Material provided =

-----

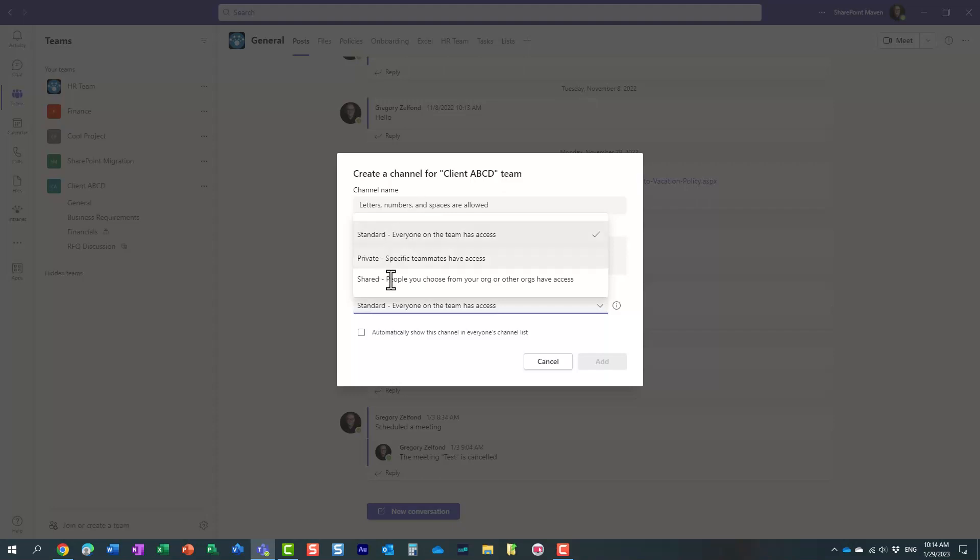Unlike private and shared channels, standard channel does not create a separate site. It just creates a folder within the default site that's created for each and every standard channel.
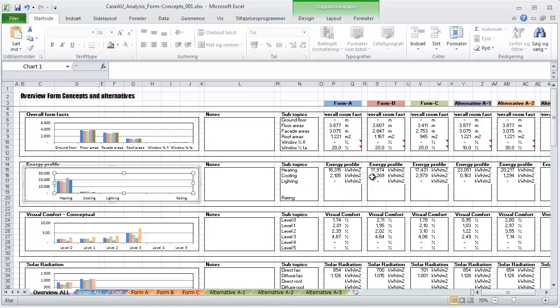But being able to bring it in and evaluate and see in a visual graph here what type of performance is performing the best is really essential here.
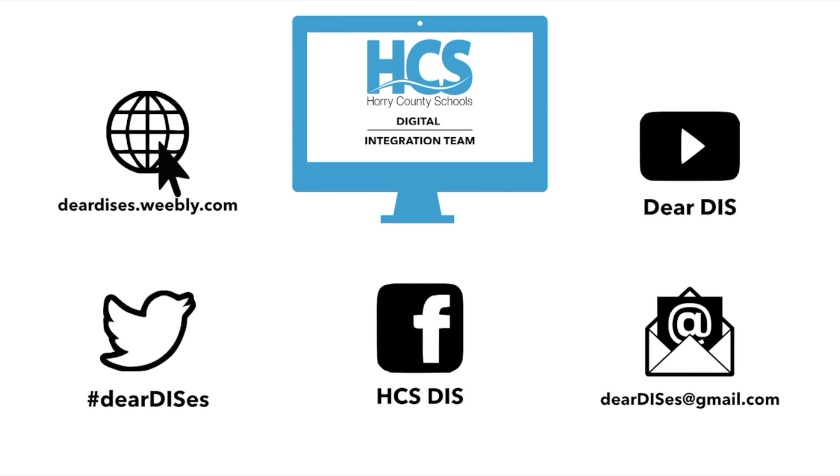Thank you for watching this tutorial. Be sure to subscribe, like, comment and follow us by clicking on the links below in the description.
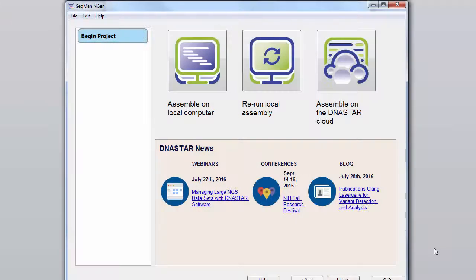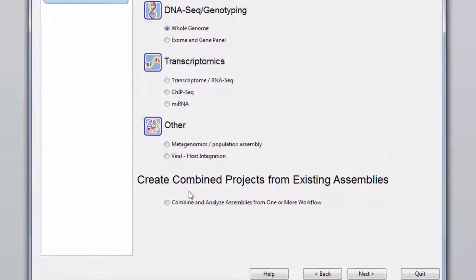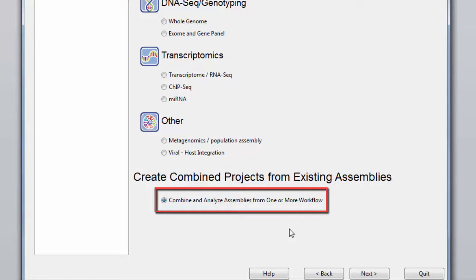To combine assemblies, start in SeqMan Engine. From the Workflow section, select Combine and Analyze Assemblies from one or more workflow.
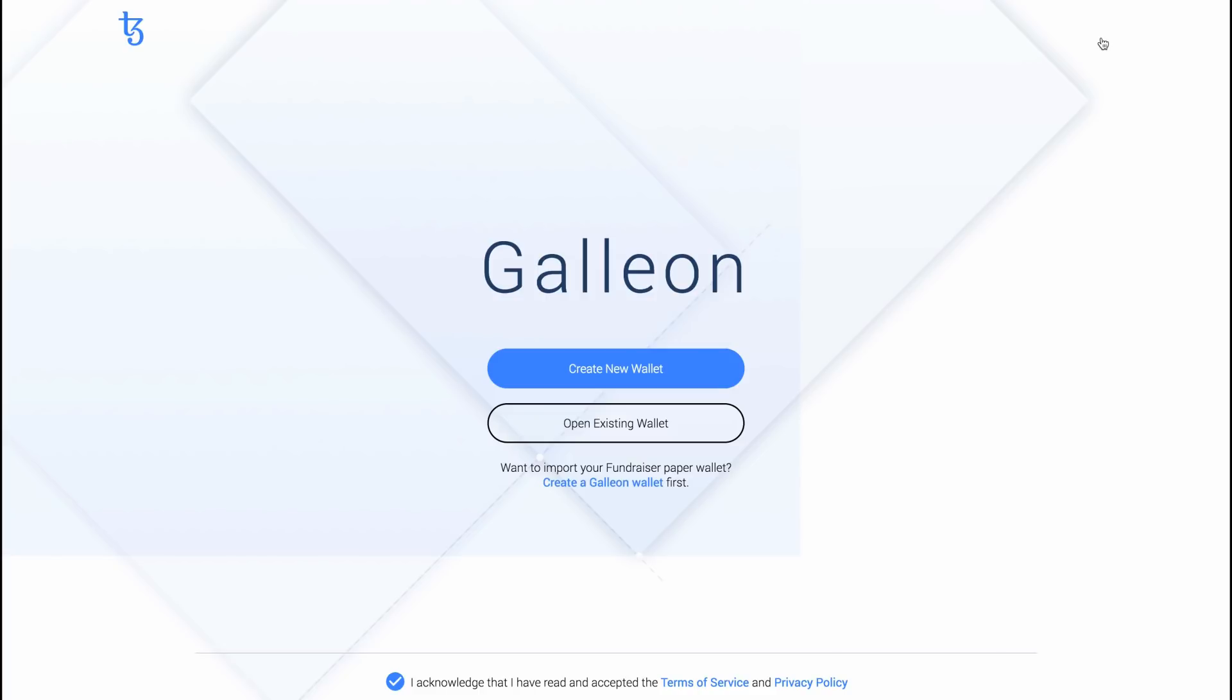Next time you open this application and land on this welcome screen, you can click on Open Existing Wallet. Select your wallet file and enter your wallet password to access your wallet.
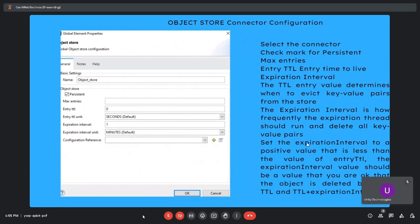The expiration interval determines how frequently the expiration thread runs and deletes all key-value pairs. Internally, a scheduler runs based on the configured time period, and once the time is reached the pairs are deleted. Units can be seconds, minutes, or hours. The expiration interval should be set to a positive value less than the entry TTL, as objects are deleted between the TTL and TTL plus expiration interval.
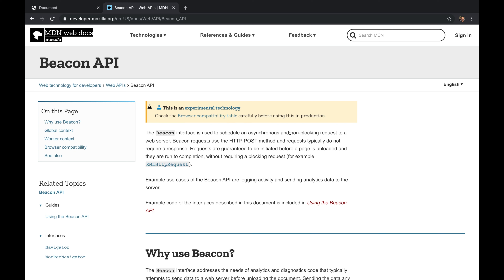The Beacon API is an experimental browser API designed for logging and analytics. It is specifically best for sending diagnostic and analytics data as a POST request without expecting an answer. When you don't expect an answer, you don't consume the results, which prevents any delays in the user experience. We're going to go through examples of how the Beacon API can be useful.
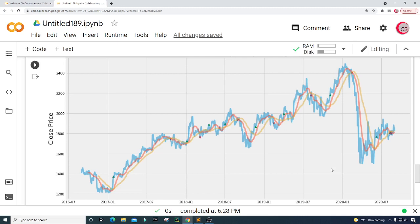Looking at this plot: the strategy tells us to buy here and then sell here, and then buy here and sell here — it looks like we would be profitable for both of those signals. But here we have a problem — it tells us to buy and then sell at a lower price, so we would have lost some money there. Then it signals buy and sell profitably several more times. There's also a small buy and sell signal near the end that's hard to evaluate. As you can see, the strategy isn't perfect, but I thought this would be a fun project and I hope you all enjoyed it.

-----

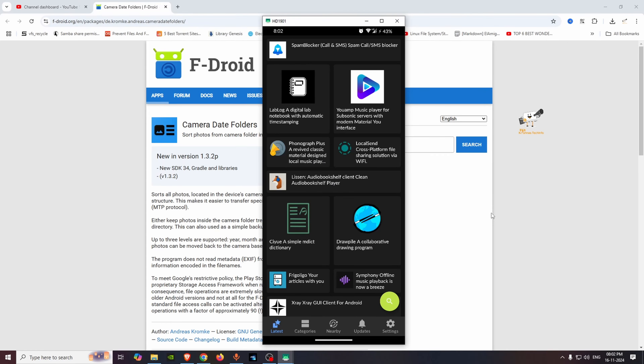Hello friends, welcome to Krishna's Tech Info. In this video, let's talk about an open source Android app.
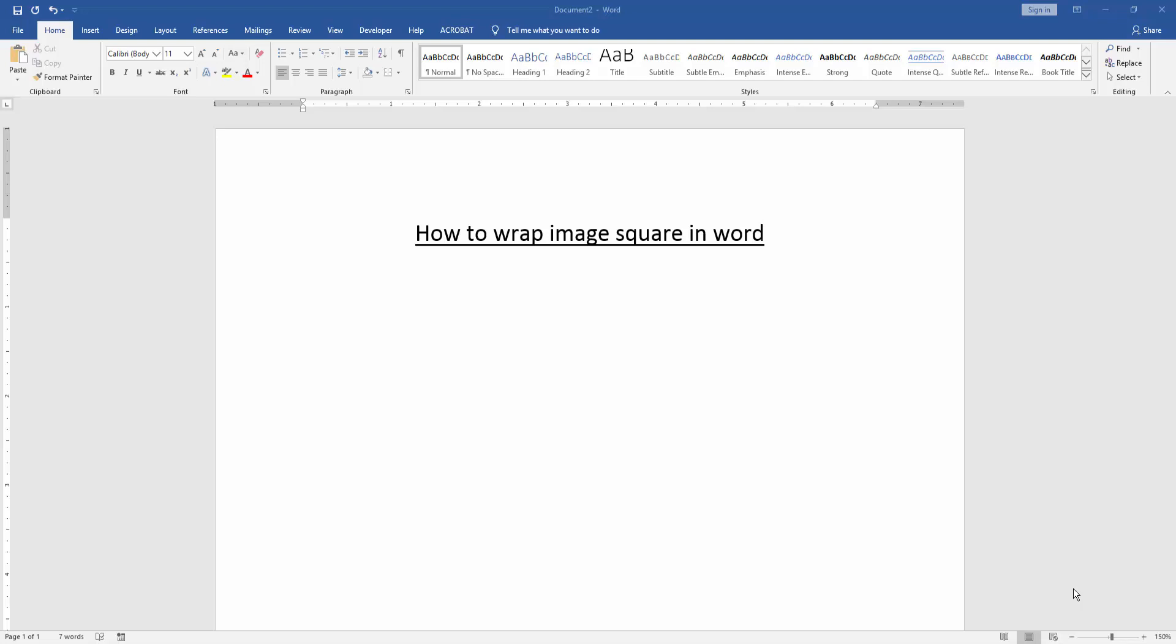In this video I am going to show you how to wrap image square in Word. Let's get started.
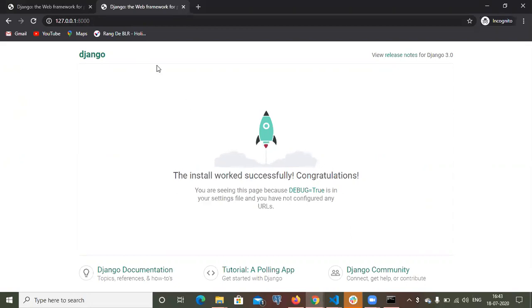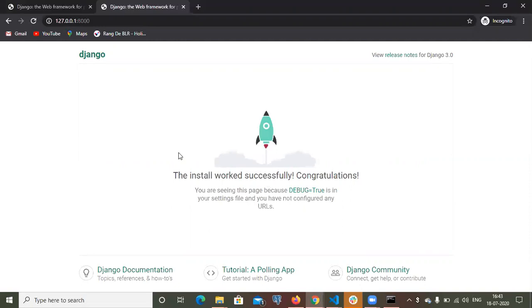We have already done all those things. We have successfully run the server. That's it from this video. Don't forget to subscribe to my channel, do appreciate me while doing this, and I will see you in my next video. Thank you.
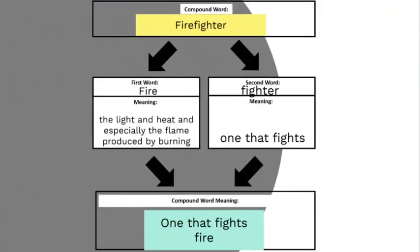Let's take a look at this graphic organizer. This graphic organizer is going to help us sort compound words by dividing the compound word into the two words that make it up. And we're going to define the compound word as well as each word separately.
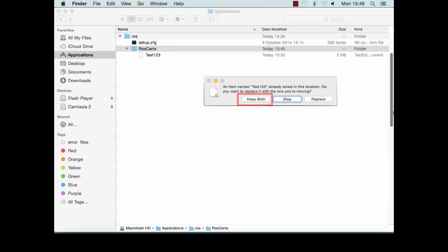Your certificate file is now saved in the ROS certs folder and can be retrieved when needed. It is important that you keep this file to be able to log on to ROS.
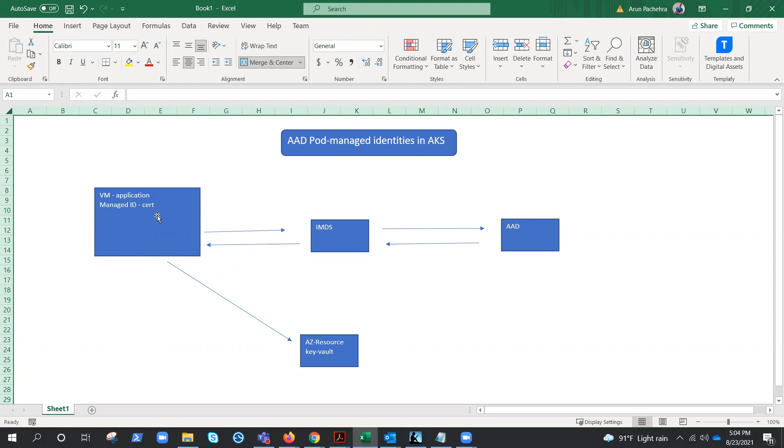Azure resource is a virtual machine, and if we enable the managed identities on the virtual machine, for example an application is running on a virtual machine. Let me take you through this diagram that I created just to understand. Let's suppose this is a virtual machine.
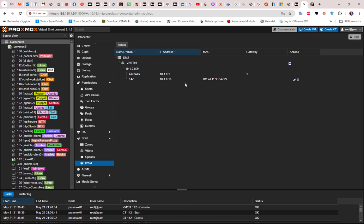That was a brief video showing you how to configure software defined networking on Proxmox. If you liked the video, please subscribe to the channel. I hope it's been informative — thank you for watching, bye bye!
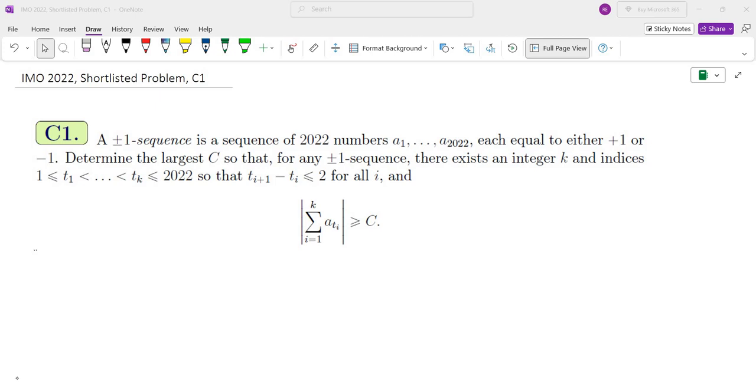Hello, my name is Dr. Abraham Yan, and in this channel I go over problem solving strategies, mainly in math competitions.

-----

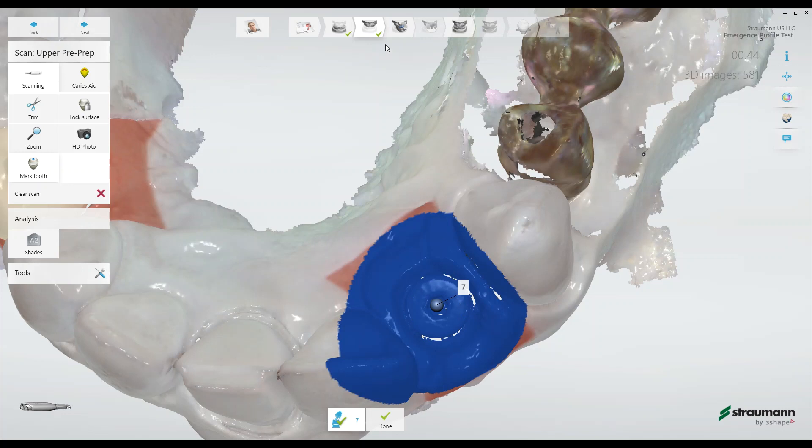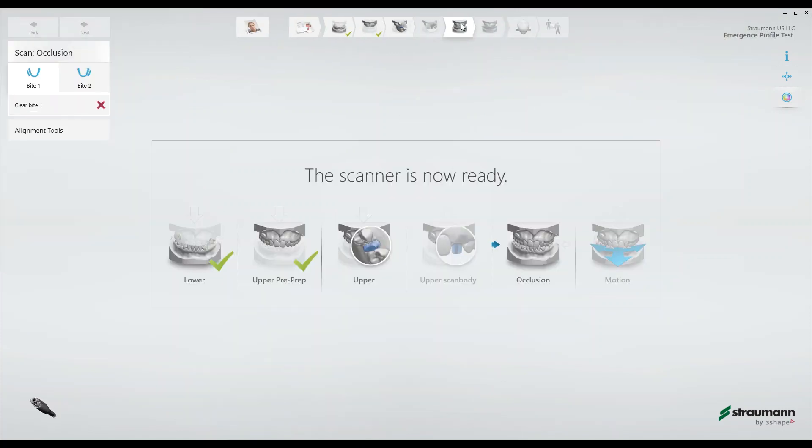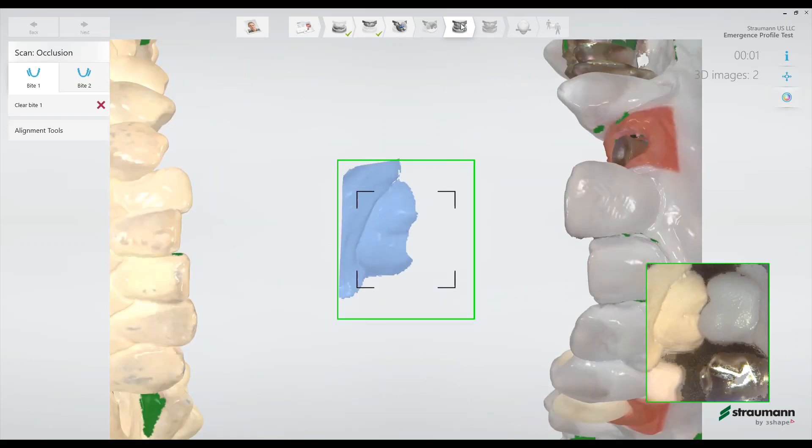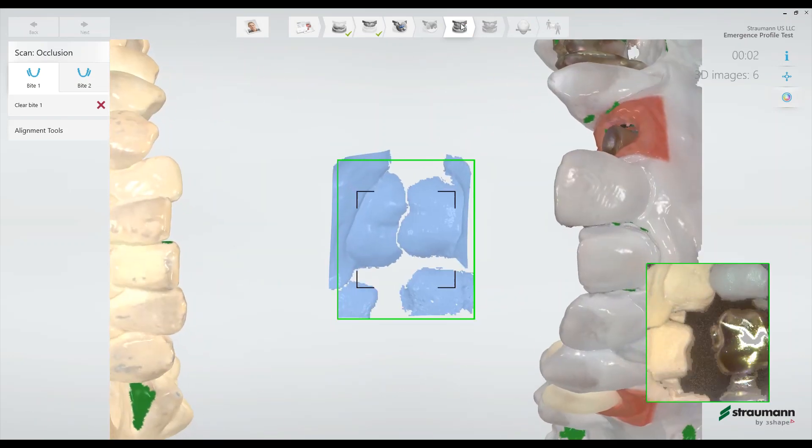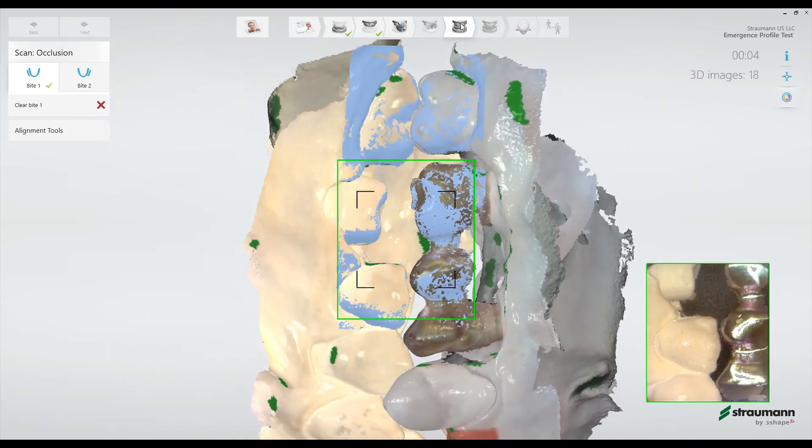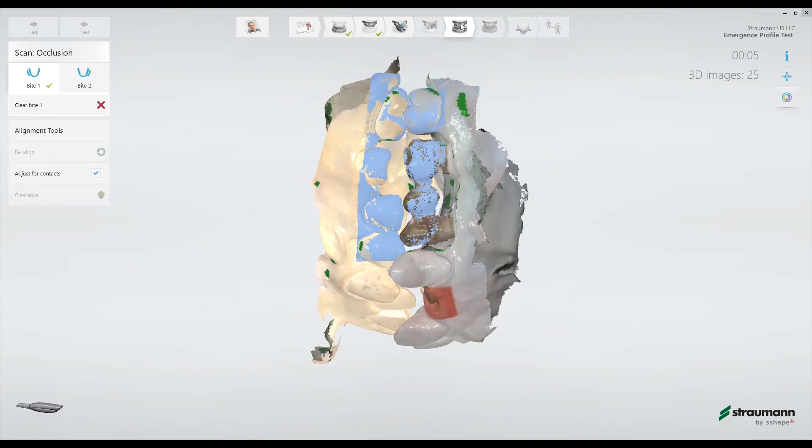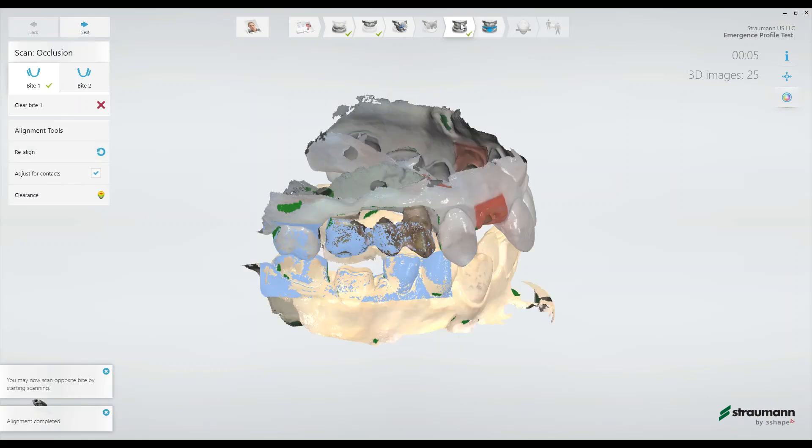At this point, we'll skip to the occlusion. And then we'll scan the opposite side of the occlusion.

-----

Please return the data above exactly as it stands from the line with "Unlike private and" to the line with "The expiration interval determines", keeping both of those lines but none of the pictures.

Task response =
Unlike private and shared channels, standard channel does not create a separate site. It just creates a folder within the default site that's created for each and every standard channel.
But being able to bring it in and evaluate and see in a visual graph here what type of performance is performing the best is really essential here.
Thank you for watching this tutorial. Be sure to subscribe, like, comment and follow us by clicking on the links below in the description.
To combine assemblies, start in SeqMan Engine. From the Workflow section, select Combine and Analyze Assemblies from one or more workflow.
Next time you open this application and land on this welcome screen, you can click on Open Existing Wallet. Select your wallet file and enter your wallet password to access your wallet.
The expiration interval determines how frequently the expiration thread runs and deletes all key-value pairs. Internally, a scheduler runs based on the configured time period, and once the time is reached the pairs are deleted. Units can be seconds, minutes, or hours. The expiration interval should be set to a positive value less than the entry TTL, as objects are deleted between the TTL and TTL plus expiration interval.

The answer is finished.